Although I wouldn't be sad to see them go, I'm not sure it will make a difference anyway. The vast majority of companies, especially those that built themselves on the foundation of being "innovative", will see an inevitable decline. The greater the rise, the sooner the fall. The reason is that successful businesses reach what I call the "cash cow" phase where enough individuals depend on the business's cash flow that risk-tolerance goes out the window. It's nearly impossible to do a rewind from the cash cow phase without firing almost everybody, and especially those at the C-level; even then, the chances of replicating former glory are not good if all the original founders are long gone and not coming back. The Google will of course always be in business, but it is on the fast track of being the IBM of the Zoomer generation.

4 comments

I wonder if building new products is preferably over always building new features. Some products are done from a user perspective, but keep getting tinkered with because it's growth or death and eventually the beloved product is unrecognizable. Maybe the ideal scenario is to put those products into maintenance mode instead and move investment to new products. Google's problem is that they are so extreme on only investing in new products and don't make incremental improvements.
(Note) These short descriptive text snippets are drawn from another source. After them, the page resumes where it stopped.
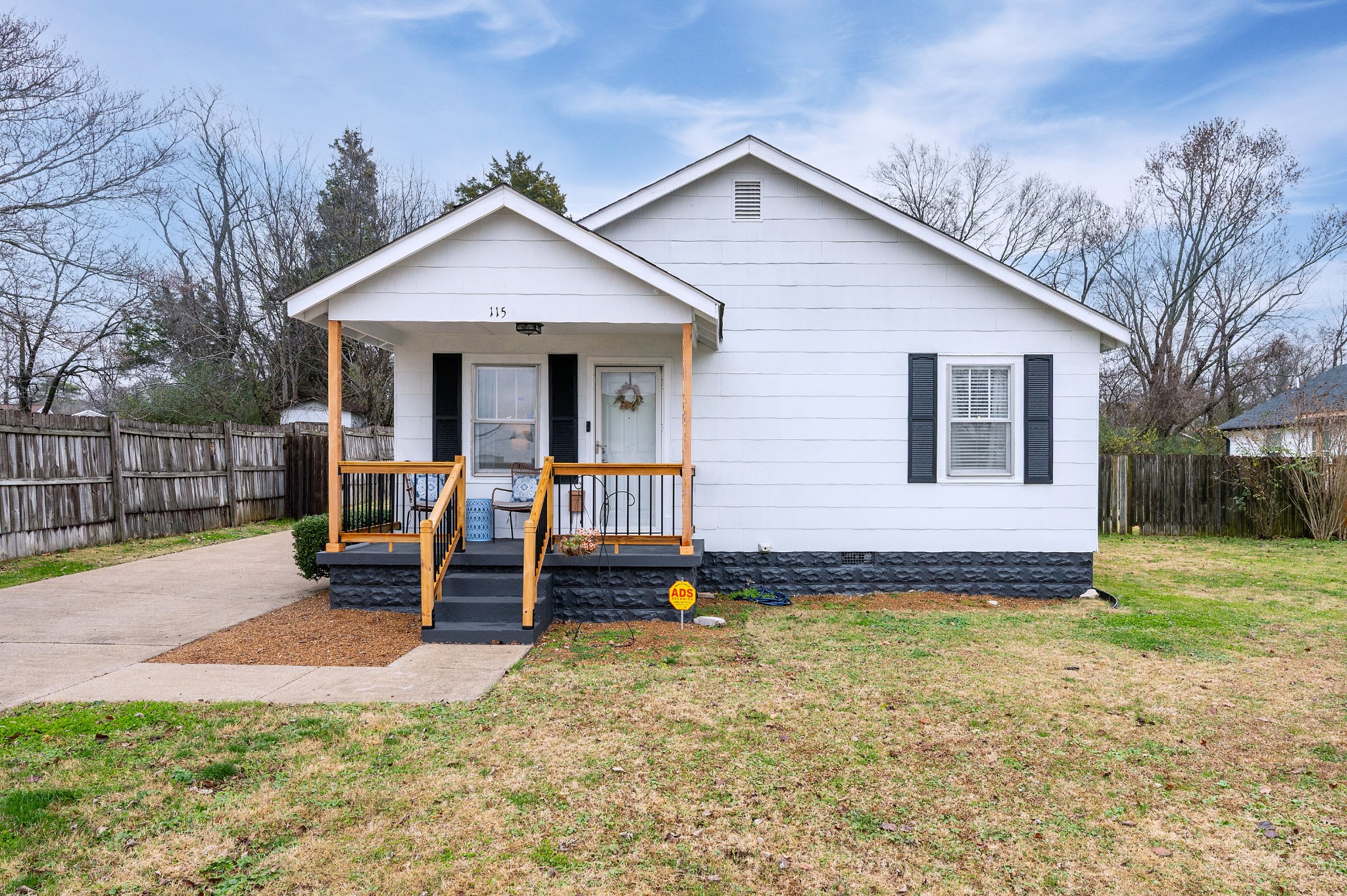 115 January Street Murfreesboro, TN 37129 - Photo 2 of 31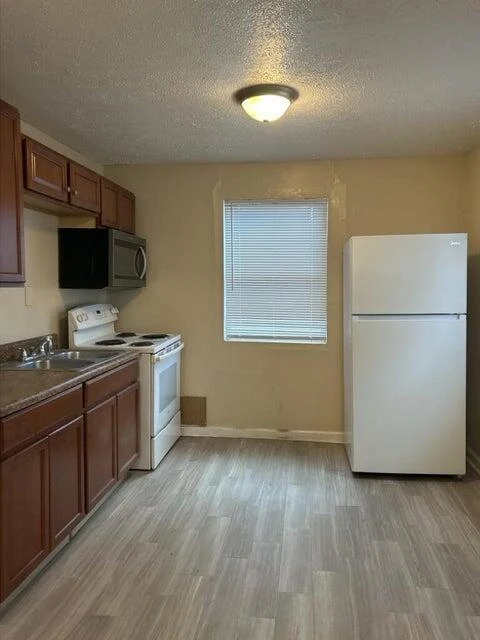 711 McDowell AVE NW - Photo 3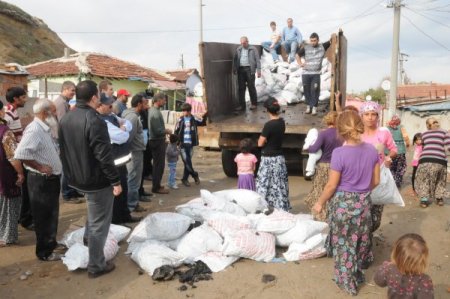 Çorlu Belediyesi'nden 5 bin aileye kışlık kömür yardımı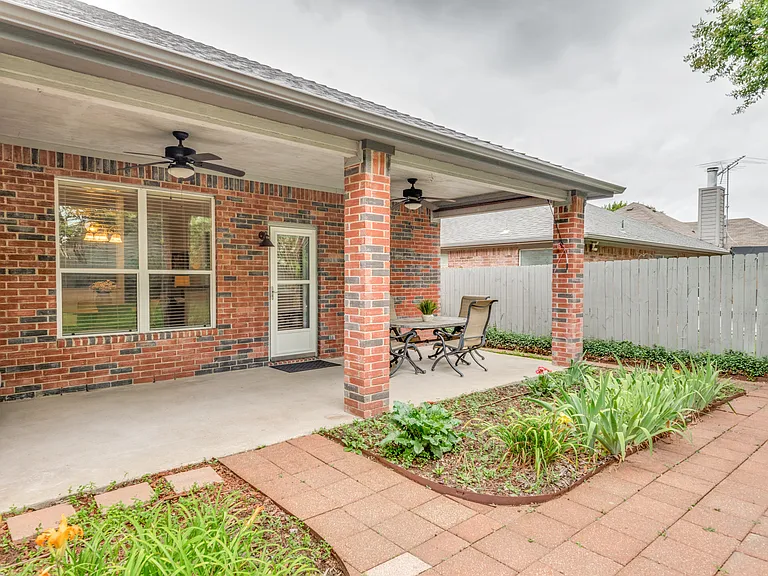 138 Lipan St — Photo 21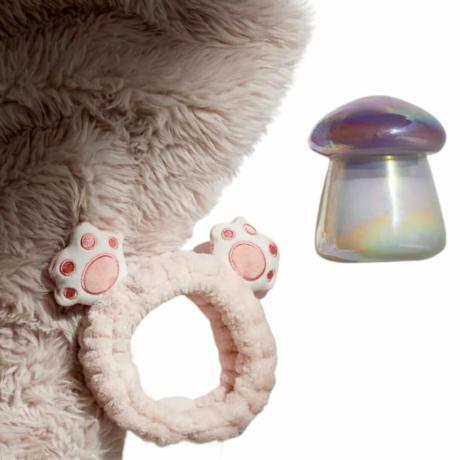 Fuzzy deka, čelenka s ušima a fialová a bílá houbová lampa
Is bizarre that this and how it's tight to the way they do promotions has even evident to people outside Google for years and nothing changes.

That philosophy may have emerged in The Google initially because new products are far less entangled with existing tech debt than new features. There's certainly a logic to it when you're a startup or even mid-size company. On the other hand, I struggle to imagine how it can be sustainable alongside the growth mindset at a very large firm.
In the 15 years between the iPhone and Vision, all major Apple innovation has been limited to scaling their cash cow iPhone to tablet and desktop form factors.

The Apple business model is near impossible to replicate, but it is proof that it is possible to ride a cash cow indefinitely.

Yeah, it's certainly possible. In Apple's case, I think their advantage is they are ultimately a hardware company. When I was doing work for them, there was definitely an understanding that hardware along with macOS and iOS came first, and everything else was side dressing, more or less. They also focused on interoperability and long-term viability of their features and products. In contrast, while The Google does have hardware products, they are in no way as prolific as Apple's. Rather, they've focused on software products that not only were built with the explicit mindset of competing with other companies, but competed with their very own products. Apple isn't a perfect company, but their modus operandi is evidently far more stable long term as a cash cow corporation than The Google. Outside a narrow window of products, it's completely unclear whether The Google's services as a whole provide enough value that they can continue to eat themselves by their own tail.

> indefinitely

Right. Indefinitely, just not infinitely. We've yet to see a company like Apple remain on top for hundreds of years.

15a != Infinity
Investors would also prefer cash be returned so the investor can decide which bets in highly under valued areas to make.
I hate feature factories so… much. It it the… flame. Flames. Flames, on the sides of my face.